Desvio, superfaturamento, verba pública, luxo. Confederação Brasileira de Futebol, João Havelange, José Maria Marin, Ricardo Teixeira. Todas essas palavras da primeira frase, em alguma vez na história da imprensa brasileira, já foram relacionadas com a segunda. Sempre com razão.

Neste ano de 2015, onde os escândalos de corrupção na FIFA foram finalmente investigados a ponto de levar boa parte do alto escalão da entidade para a prisão, os nomes dos ex-presidentes da CBF novamente estão escritos em nuvens que pairam sob o céu carregado da propina. Tempo nublado que prevê chuva de dólares.

‘Eu vejo o futuro repetir o passado’

Em abril de 2013, o jornal “Folha de S. Paulo” divulgou dados da compra do imóvel da nova sede da CBF, localizada na Barra da Tijuca, bairro rico da Zona Oeste do Rio de Janeiro. O local — cuja compra foi anunciada em junho de 2012 e confirmada em agosto — , custou R$ 70 milhões de reais, conforme anunciou na época o então presidente José Maria Marin. O edifício, aliás, levava seu nome na fachada até mês passado.

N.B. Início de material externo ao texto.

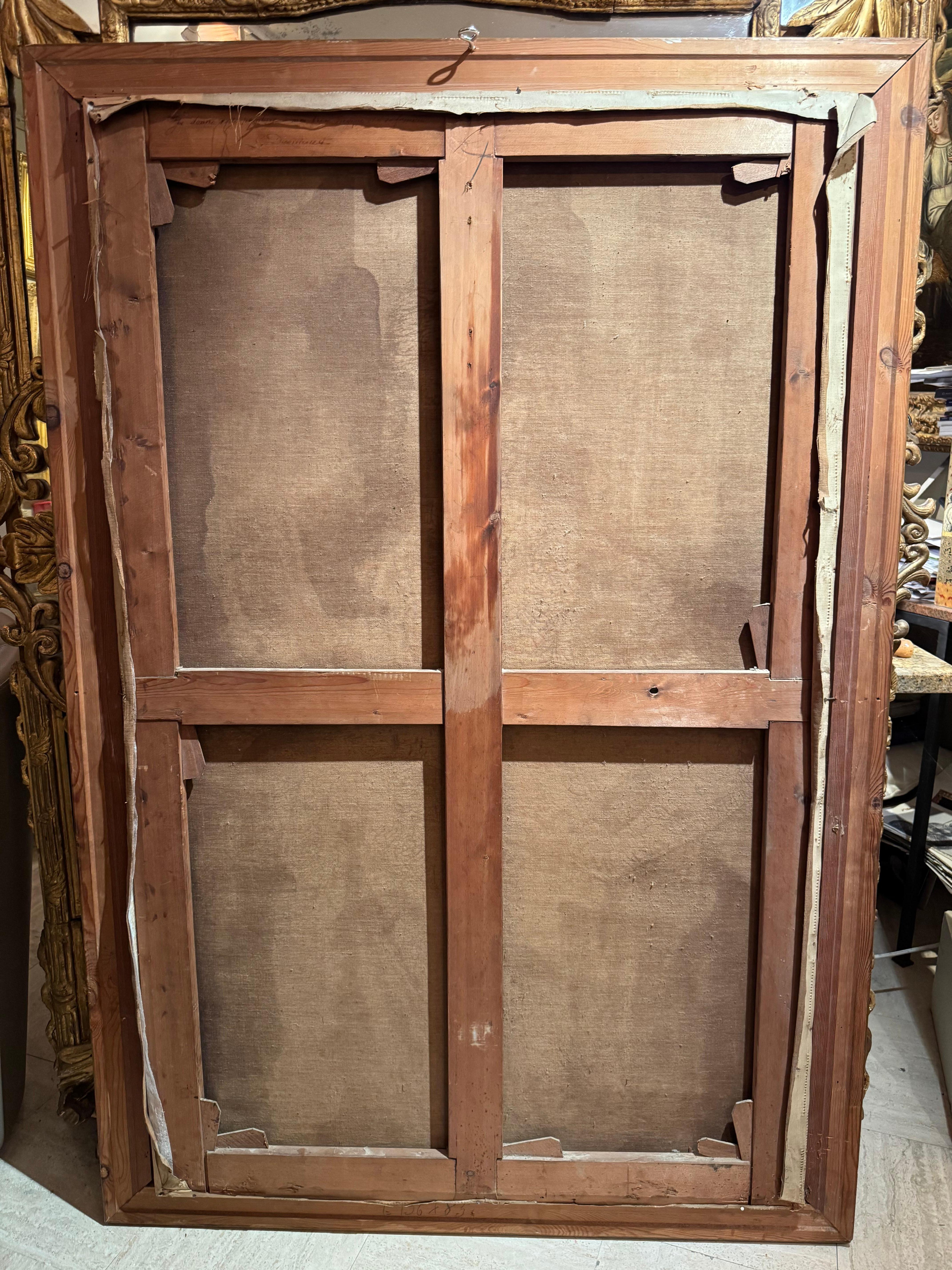 Hercule und Omphale, Louis DESMAREST um 1890-1900 im Angebot 6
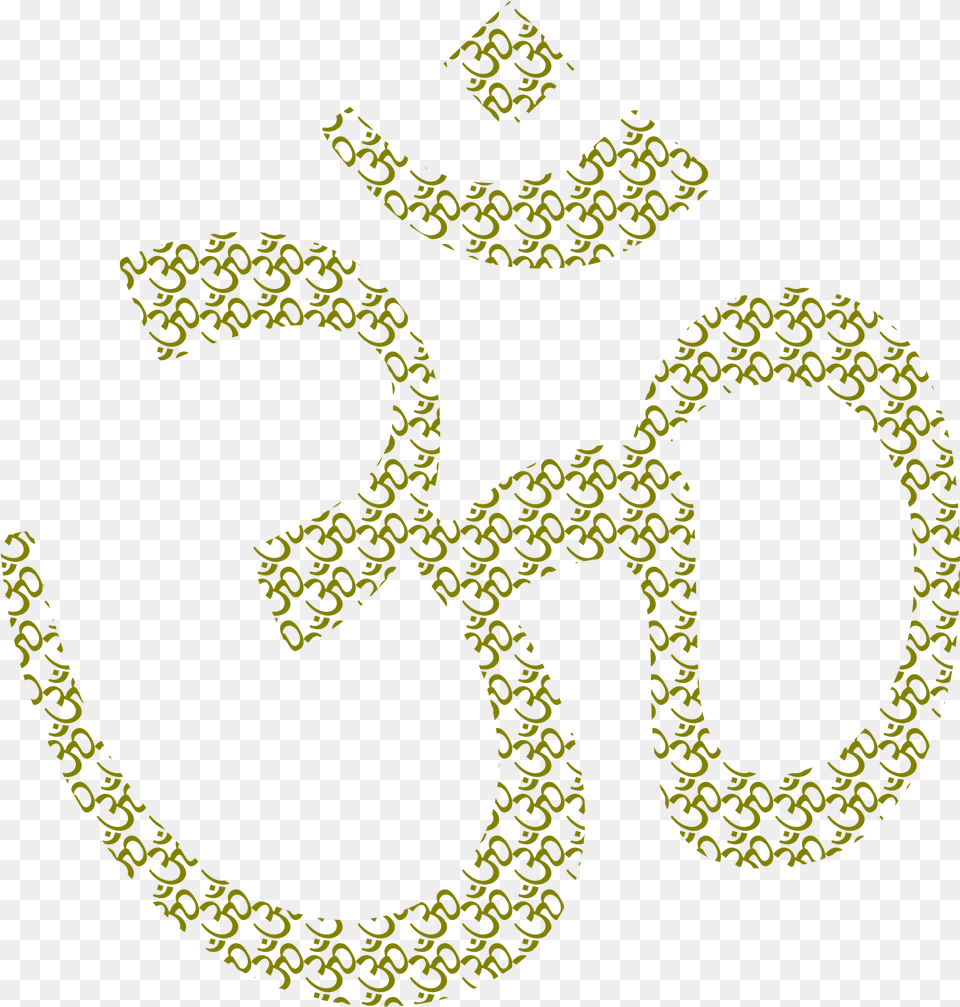 O On O Clip Arts Hinduism Symbol Free Png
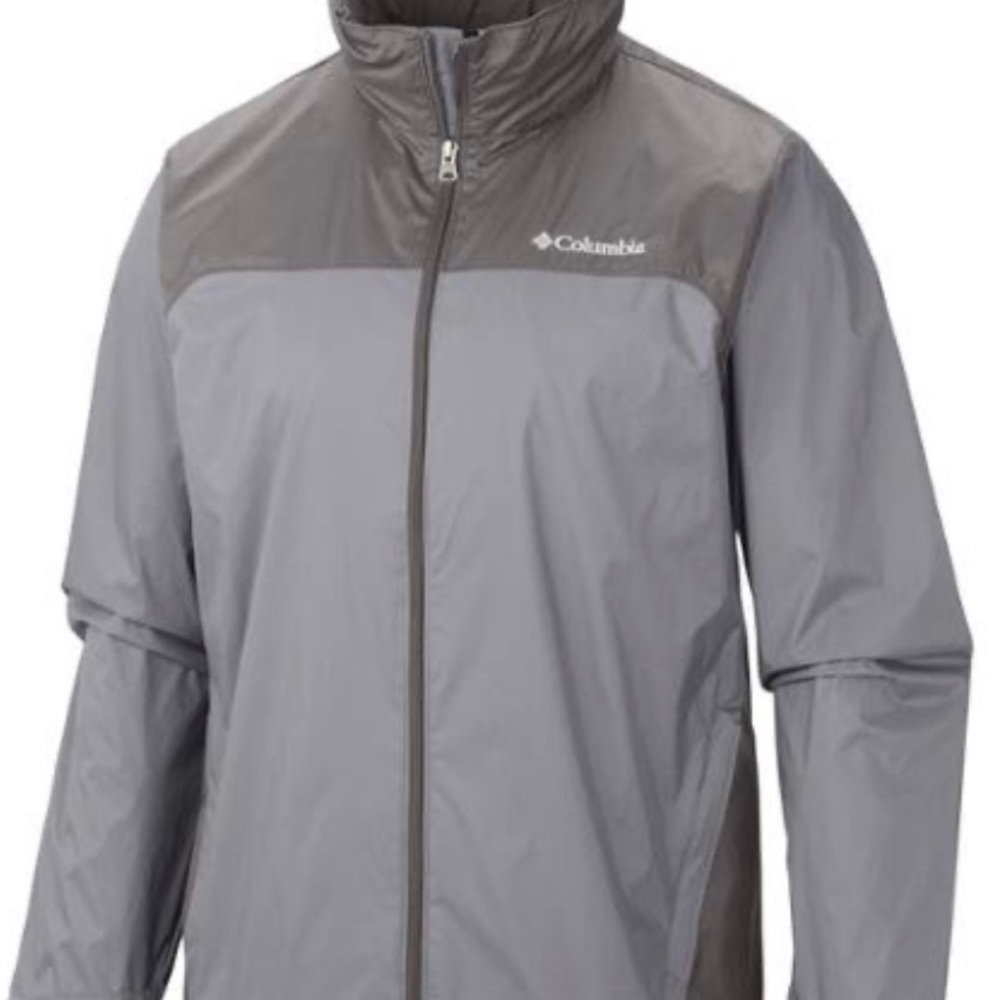 Columbia Men's Two-Tone Gray Windbreaker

O prédio tem oito salas comerciais e pouco mais de 6 mil metros quadrados. A BT Construtora, empreiteira responsável pela obra, negociou cinco dessas salas para intermediários por R$ 12 milhões e repassou R$ 43 milhões À CBF. As outras três salas custaram R$ 8 milhões à Aprazível Empreendimentos; a empresa vendeu os cômodos para CBF por R$ 15 milhões .

Isso quer dizer que se a CBF não tivesse usado intermediários, teria gastado R$ 39 milhões para adquirir sua nova sede; com eles, subiu para R$ 70 milhões. Tanto a CBF quanto as empresas envolvidas no negócio afirmaram que não houve irregularidades durante a compra.

Isto não é de hoje, como nos mostra um trecho da matéria da Revista Placar abaixo, datada de 03 de abril de 1970.

“Está tudo confuso. Não sei de mais nada.” (Tesoureiro da CBD)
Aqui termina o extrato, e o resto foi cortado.